* **Problem to solve**
How many lines in the records below contain the string "JANA"? Answer with the number alone.

* **Given records**

*****

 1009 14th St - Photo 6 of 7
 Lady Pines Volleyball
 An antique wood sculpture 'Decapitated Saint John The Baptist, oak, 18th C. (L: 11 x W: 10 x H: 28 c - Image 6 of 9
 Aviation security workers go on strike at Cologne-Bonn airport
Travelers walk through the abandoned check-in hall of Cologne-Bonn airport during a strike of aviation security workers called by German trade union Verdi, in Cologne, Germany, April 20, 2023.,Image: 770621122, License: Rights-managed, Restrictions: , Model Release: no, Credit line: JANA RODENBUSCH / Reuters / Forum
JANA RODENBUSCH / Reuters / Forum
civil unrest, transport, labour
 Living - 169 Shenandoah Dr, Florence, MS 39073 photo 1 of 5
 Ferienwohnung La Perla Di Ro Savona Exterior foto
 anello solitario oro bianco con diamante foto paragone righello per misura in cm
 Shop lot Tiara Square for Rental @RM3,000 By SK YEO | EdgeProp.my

*****

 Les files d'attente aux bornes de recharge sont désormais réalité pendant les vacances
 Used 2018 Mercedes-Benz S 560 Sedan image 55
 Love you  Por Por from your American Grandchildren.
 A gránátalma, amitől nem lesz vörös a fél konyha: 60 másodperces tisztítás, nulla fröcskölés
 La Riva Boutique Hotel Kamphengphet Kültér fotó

*****

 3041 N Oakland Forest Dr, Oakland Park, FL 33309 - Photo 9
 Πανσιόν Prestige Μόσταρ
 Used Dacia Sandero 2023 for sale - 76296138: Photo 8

*****

* **Worked solution**
2